Harvey Bernhard served as a producer on many great Richard Donner films such as The Omen, The Goonies, Ladyhawke and The Lost Boys. He also produced The Mack, Damien: Omen II, Omen III: The Final Conflict and Omen IV: The Awakening. He worked with such talents as Richard Pryor, Michelle Pfeiffer, Matthew Broderick, Gregory Peck, Lee Remick, Sean Astin, Josh Brolin, Kerri Green and Sam Neill during his career. He also collaborated with director Joel Schumacher. Before all of his Hollywood success, he served in the US Navy during World War II.

Iconic films by producer and veteran Harvey Bernhard

1. The Goonies

A classic Hollywood favorite of the 1980s, The Goonies was directed by Richard Donner with a screenplay written by Chris Columbus and based on a story by Steven Spielberg. The film stars an all-star crew with Sean Astin, Josh Brolin, Corey Haim, Kerri Green, Martha Plimpton and Ke Huy Quan, whose career has hit a big resurgence with Everything Everywhere All At Once, which won him an Oscar for his in the film.

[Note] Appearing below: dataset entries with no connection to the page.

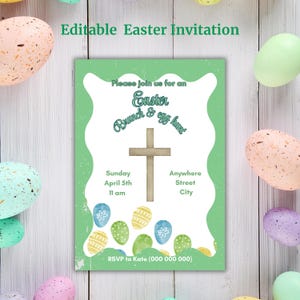 Puede incluir: Una invitación de Pascua con un borde verde y un interior blanco. La invitación incluye el texto "Easter Brunch & egg hunt" con una cruz e ilustraciones de huevos. La invitación está rodeada de coloridos huevos de Pascua.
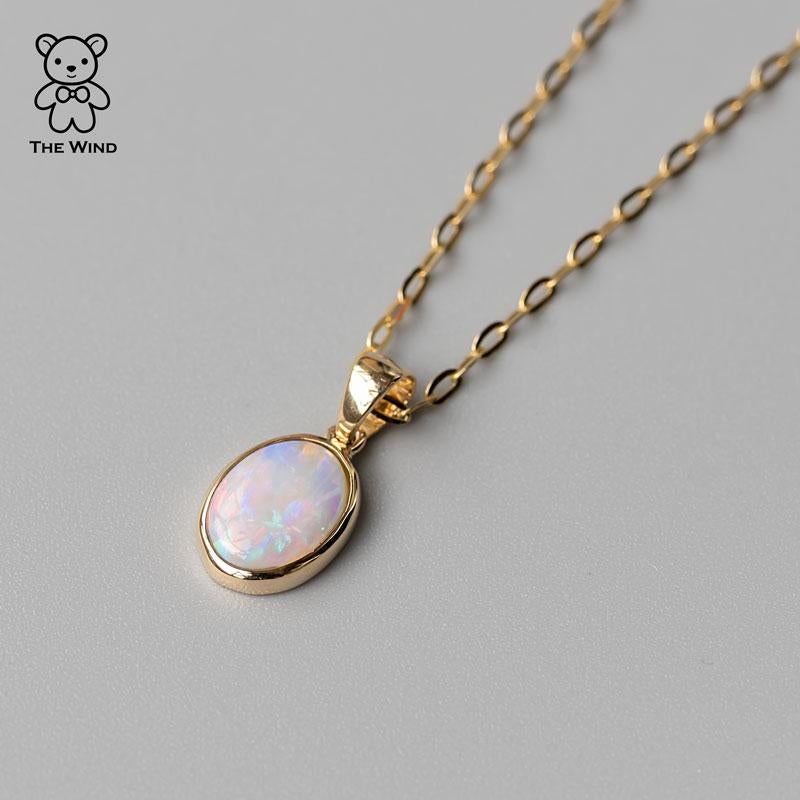 Arts and Crafts Oval Shaped Australian Solid Opal Necklace 14k Yellow Gold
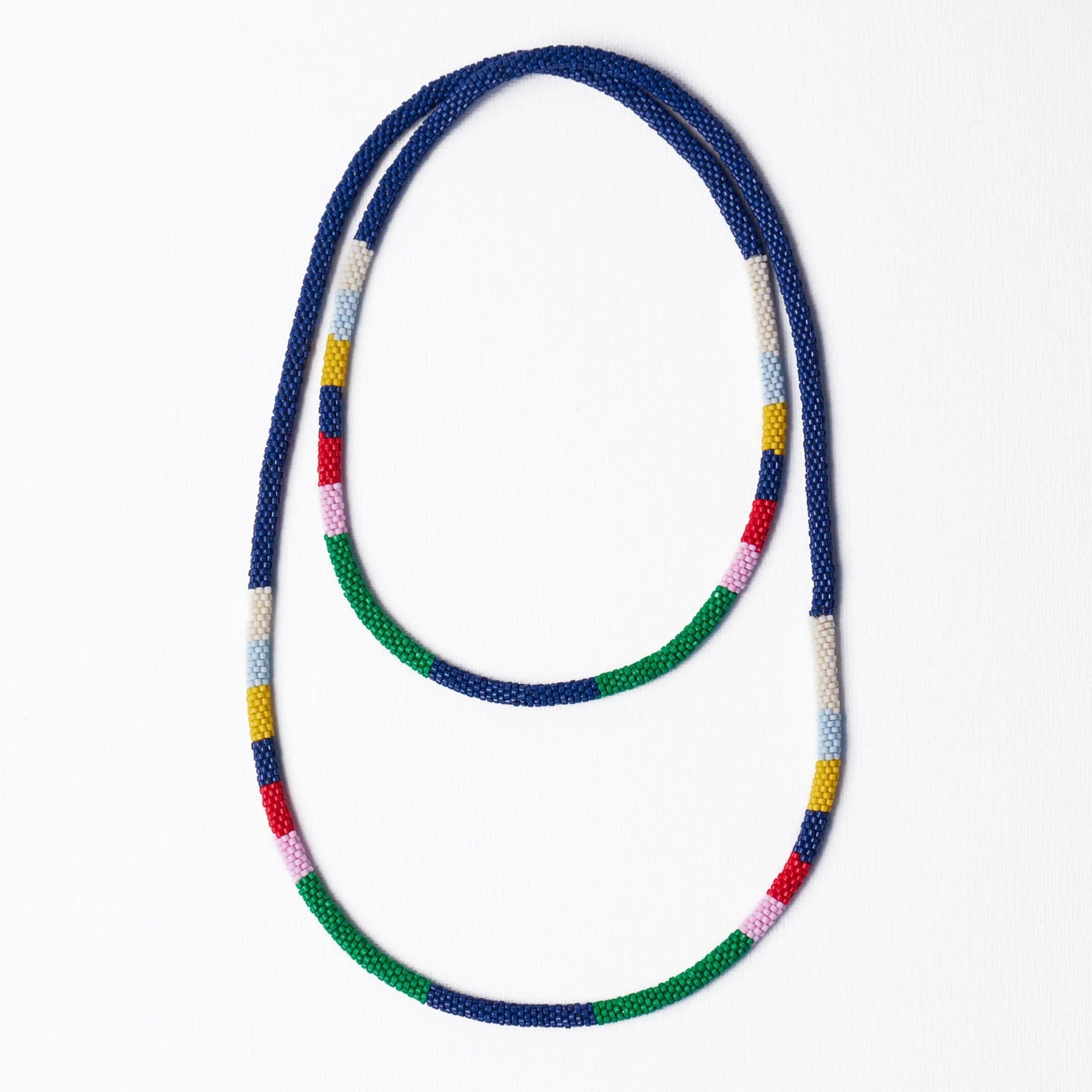 Allie Seed Bead Long Necklace Navy  + Multi | INK+ALLOY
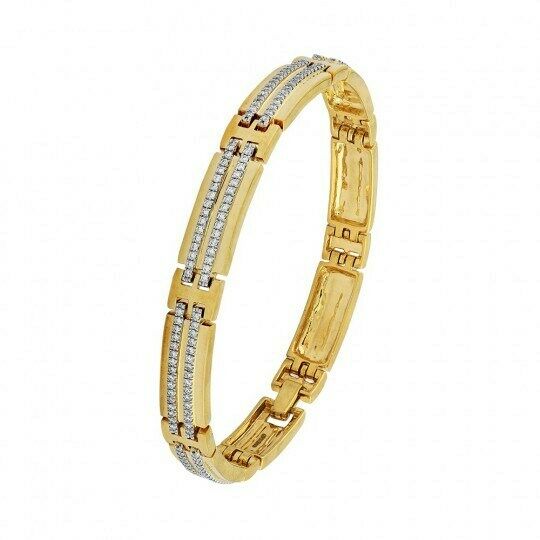 2 CT Round Cut Diamond 14k Yellow Gold Over Wide Band Bridal Men's 8" Bracelet - atjewels.in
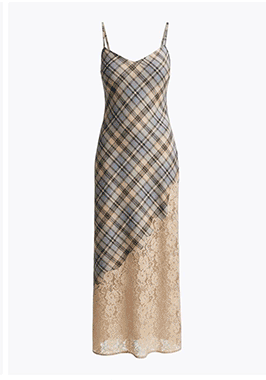 Lace Inset Plaid Bias Maxi Dress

The story follows a group of friends, Goon Docks, from Astoria, Oregon, who attempt to save their families’ homes through a treasure hunt for gold of One-Eyed-Willy, a famous pirate. The crew is pursued by baddies who want the map and the gold. It grossed $125M worldwide on a budget of $19M. It is a legendary cult film and is in the U.S. National Film Registry by the Library of Congress as being significant. Bernhard has helped to make a classic, American film about camaraderie, taking risks, dreams and pushing through fear to succeed.

2. The Omen

A top-notch supernatural horror film directed by Richard Donner of the 1970s and a blockbuster hit with a box office take of $60.9M on a budget of $2.8M, Bernard established himself as a sought-after producer. The film stars Gregory Peck, Lee Remick, David Warner and Harvey Spencer Stephens in his film debut as Damien Thorn.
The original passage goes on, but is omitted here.